## [Records supplied]
Segment Open
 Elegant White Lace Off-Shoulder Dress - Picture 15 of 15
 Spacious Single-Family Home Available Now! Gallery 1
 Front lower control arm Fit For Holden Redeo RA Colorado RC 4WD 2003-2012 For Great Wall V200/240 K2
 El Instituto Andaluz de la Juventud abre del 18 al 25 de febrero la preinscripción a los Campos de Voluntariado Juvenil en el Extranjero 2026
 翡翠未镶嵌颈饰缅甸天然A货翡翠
Segment Closed
## [Task item]
Your answer must be an exact copy of every entry above.

## [Your solution]
 Elegant White Lace Off-Shoulder Dress - Picture 15 of 15
 Spacious Single-Family Home Available Now! Gallery 1
 Front lower control arm Fit For Holden Redeo RA Colorado RC 4WD 2003-2012 For Great Wall V200/240 K2
 El Instituto Andaluz de la Juventud abre del 18 al 25 de febrero la preinscripción a los Campos de Voluntariado Juvenil en el Extranjero 2026
 翡翠未镶嵌颈饰缅甸天然A货翡翠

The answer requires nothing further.